SQLite UNIQUE constraints really cannot be relied upon. I’ve now seen multiple cases of duplicates (sometimes dozens of the same row) because the database was damaged and so the index enforcing the constraint didn’t work. Recovering such databases is not straightforward because building a new database will fail due to constraint violations.

This occurs regularly? Is this new? Did the version of SQLite change?

That this would be common enough to include in release notes is amazing and amazingly depressing.

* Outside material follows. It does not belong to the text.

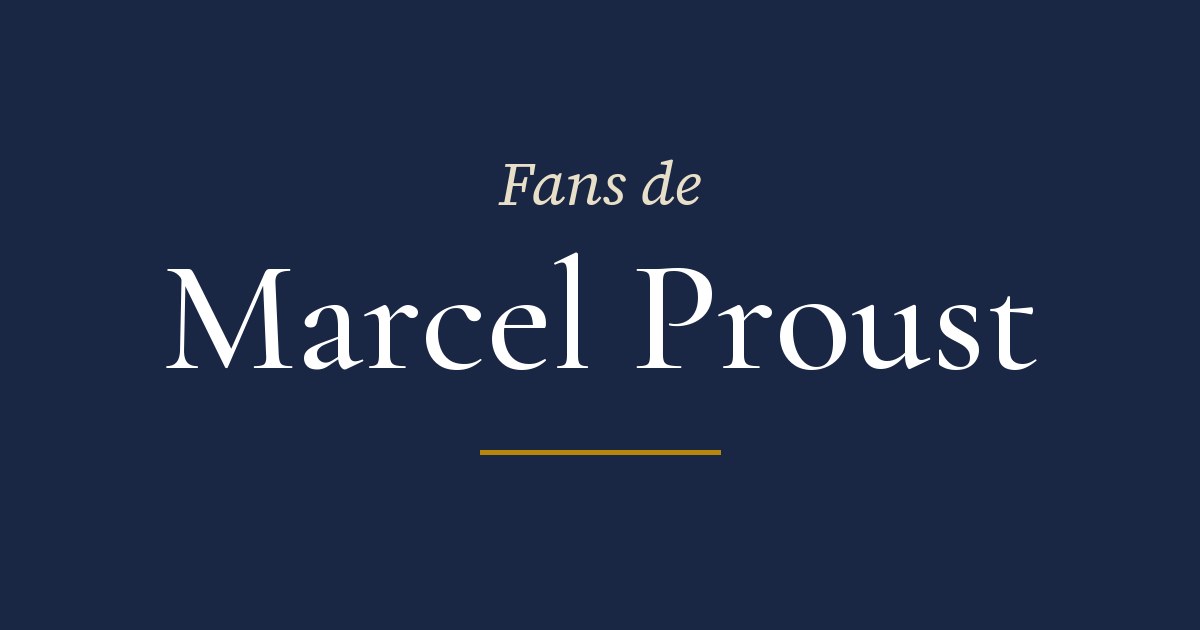 Fans de Marcel Proust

@Ruffin It’s not common or new. I’ve been seeing this now and then since SQLite 2. I presume it’s because the drive/SSD is not fully reliable rather than anything to do with SQLite. I also used to see customers with damaged plist files all the time, even when using atomic writes. It’s depressing, and I’m not sure why these issues aren’t discussed more. But, context: the posts here are my development notes, not the release notes.

Wes Campaigne

Regarding @retroactive, in the Swift Evolution proposal related to that, it mentions that you can suppress the warning in a backwards-compatible way by fully-qualifying all the type names in the extension declaration.

@Wes Thanks! That’s kind of obscure, like suppressing GCC warnings by adding extra redundant parens. I wish Swift had a real preprocessor so that we could, e.g., conditionally compile out stuff that the old compiler doesn’t understand.